- Black and white saltire used by the group.
- Founder: Tom Moore (original form); Jackie Stokes (later incarnations);
- Founded: 1978 (original form); 1987 (second form); 1997 (current form);
- Newspaper: Firinn Albannach (1980s)
- Ideology: Ultranationalism; Ethnic nationalism; Scottish independence;
- Political position: Right-wing

Website
- Official website

= Siol nan Gaidheal =

Scottish ultranationalist and ethnic nationalist group

Siol nan Gaidheal or Sìol nan Gàidheal (/gd/, meaning "Seed of the Gaels") is a Scottish ultranationalist and ethnic nationalist group which describes itself as a "cultural and fraternal organisation".

The first incarnation of the group was founded by Tom Moore in 1978, though it became defunct twice and was re-established by Jackie Stokes in 1987 and again in 1997.

The group has been variously described by commentators as anywhere from "traditionalist" to "crypto-fascist" or "proto-fascist". Members of the group have been banned from membership of the mainstream nationalist Scottish National Party (SNP) since 1982.

==History==
===First incarnation (1978–1985)===
The organisation was founded in 1978 by Tom Moore and Gordon Walker as Sons of Scotland, before adopting the name Siol nan Gaidheal. Moore, who had spent twelve years in New York before returning to Scotland, later said he founded the organisation because he believed the Scottish nationalist movement lacked militancy, describing the SNP as "mealy-mouthed". Moore claimed that the organisation's aim was to "inspire nationalism without inhibition or restraint". The group rose to prominence in the aftermath of the 1979 Scottish devolution referendum, in which a majority of votes cast supported devolution in Scotland, but the proposal failed to meet the required electoral threshold under the Scotland Act 1978. During this period, the organisation advocated ecological and anti-nuclear policies. In 1980, the SNP's national executive decided that membership of Siol nan Gaidheal was incompatible with membership of the party, and the party launched an inquiry into the group, with Colin Bell as vice-chairman. The group was expelled from the SNP in 1982.

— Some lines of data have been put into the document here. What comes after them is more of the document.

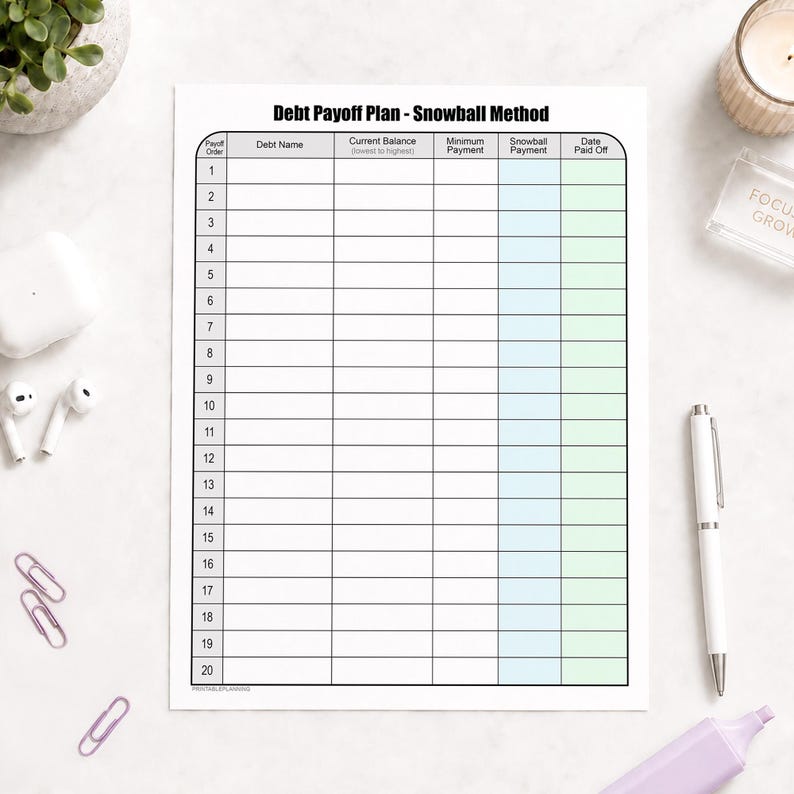 Pu&ograve; includere: Un foglio di pianificazione per il rimborso dei debiti con il titolo Debt Payoff Plan - Snowball Method. La griglia presenta colonne per l'ordine di rimborso, il nome del debito, il saldo, il pagamento minimo, il pagamento in azzurro e la data.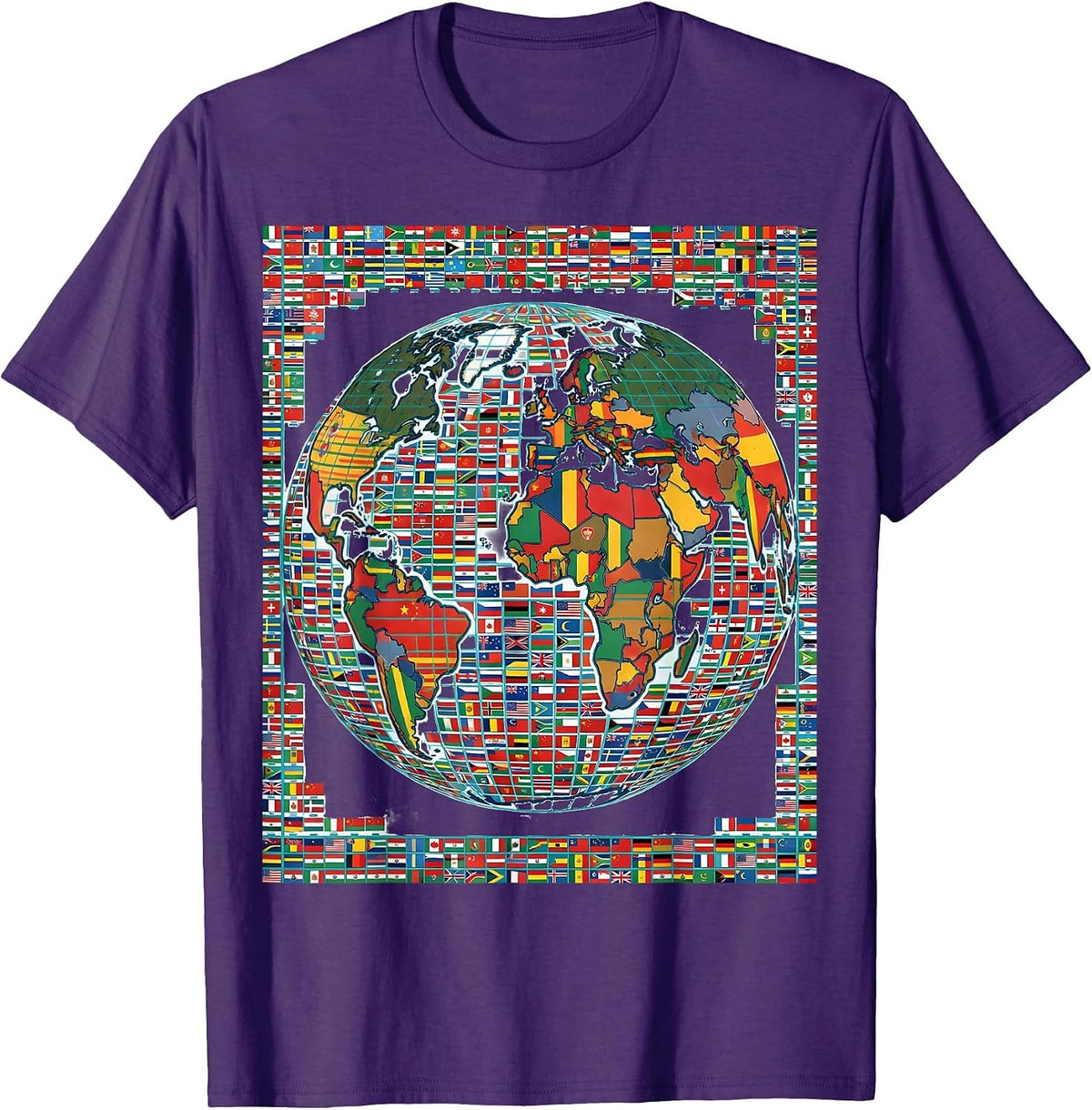 Men's World Map Flag Tiles Geography Reference Cultural Unity T-Shirt - Purple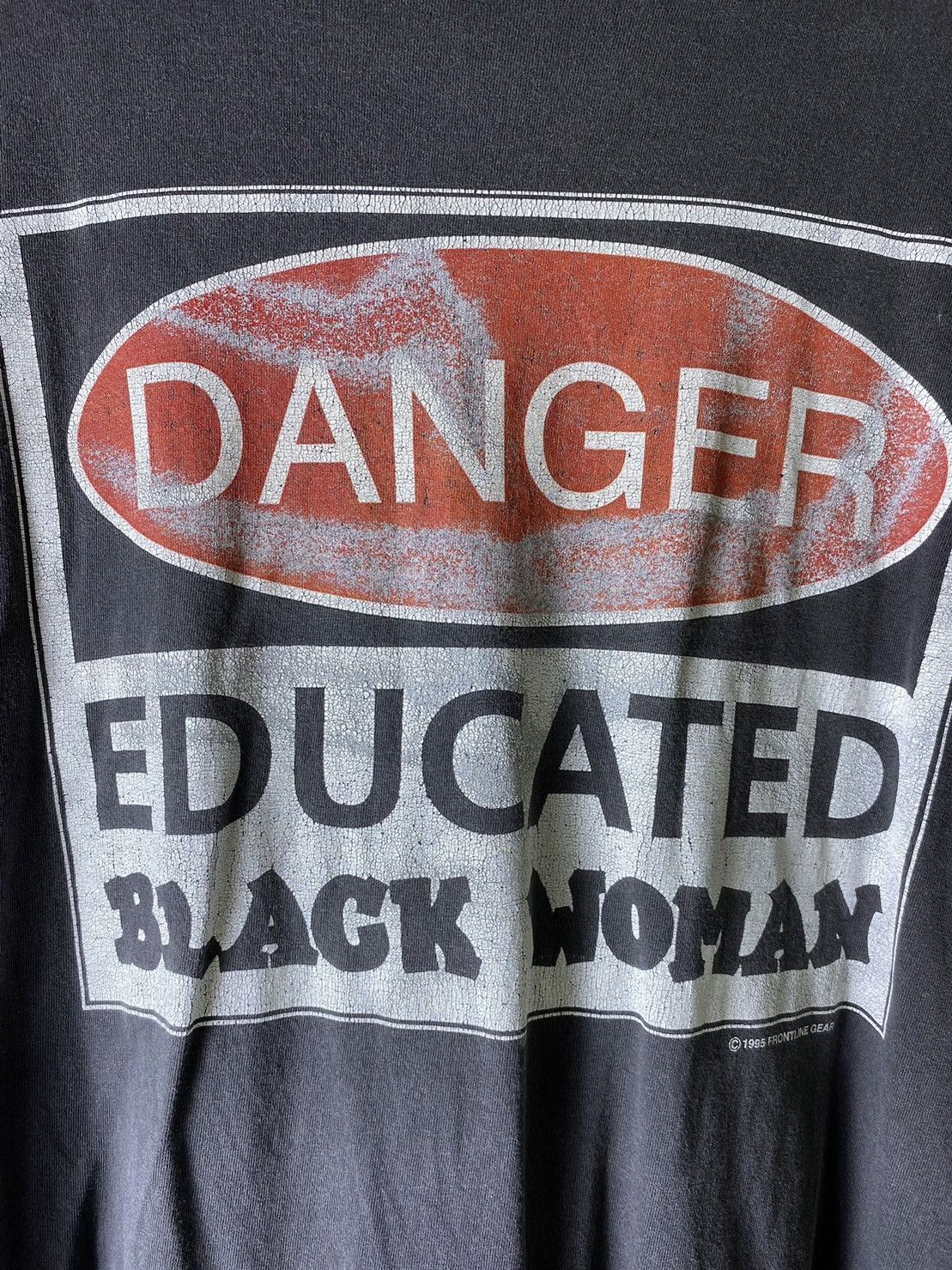 Vintage Vintage 90s Danger Educated Black Woman TShirt Size US XL / EU 56 / 4 - 2 Thumbnail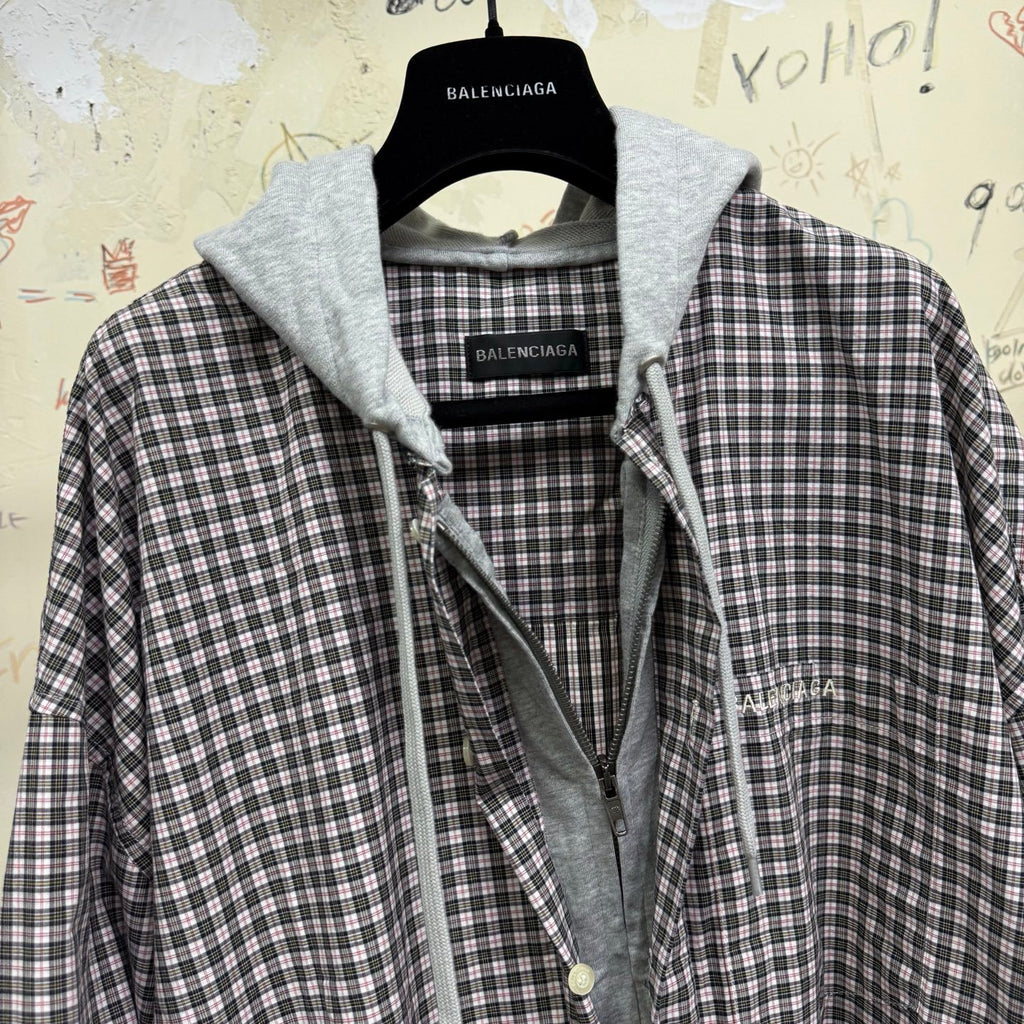 Balenciaga Men's Spring/Autumn Checkered Print Cotton Hooded Single-Breasted Zipper Long-Sleeved Shirt #77746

The 1320 Club, associated with figures such as Hugh MacDiarmid, merged into the organisation in 1982. Throughout the 1980s, Siol nan Gaidheal published a newspaper called Firinn Albannach (Scottish Truth). In 1982, members of the organisation attempted to accost prime minister Margaret Thatcher as she left the Conservative Party Conference in Perth. Police escorted Thatcher into a vehicle before the group reached her, and her personal security in Scotland was subsequently increased. The same year, some members of Siol nan Gaidheal established a paramilitary wing known as Arm nan Gaidheal (Army of the Gael), which claimed responsibility for a number of incendiary attacks targeting political party offices and other buildings. On 17 July 1982, a fire broke out at Redford Barracks in Edinburgh after a caller claiming to represent the "Scottish Independence Army" told Scottish newspapers that incendiary devices had been placed at military barracks in the Edinburgh area. Police and Army security personnel searched several military sites, but the Army subsequently said that it did not believe the warning was connected to the fire, while police found no evidence that the fire had been caused by an incendiary device. Scotland on Sunday later attributed the incident to Arm nan Gaidheal, while a later account suggested that the Scottish Independence Army may have been an early incarnation of the group. Don Molloy, a 46-year-old man from Port Glasgow, was subsequently charged in connection with the fire.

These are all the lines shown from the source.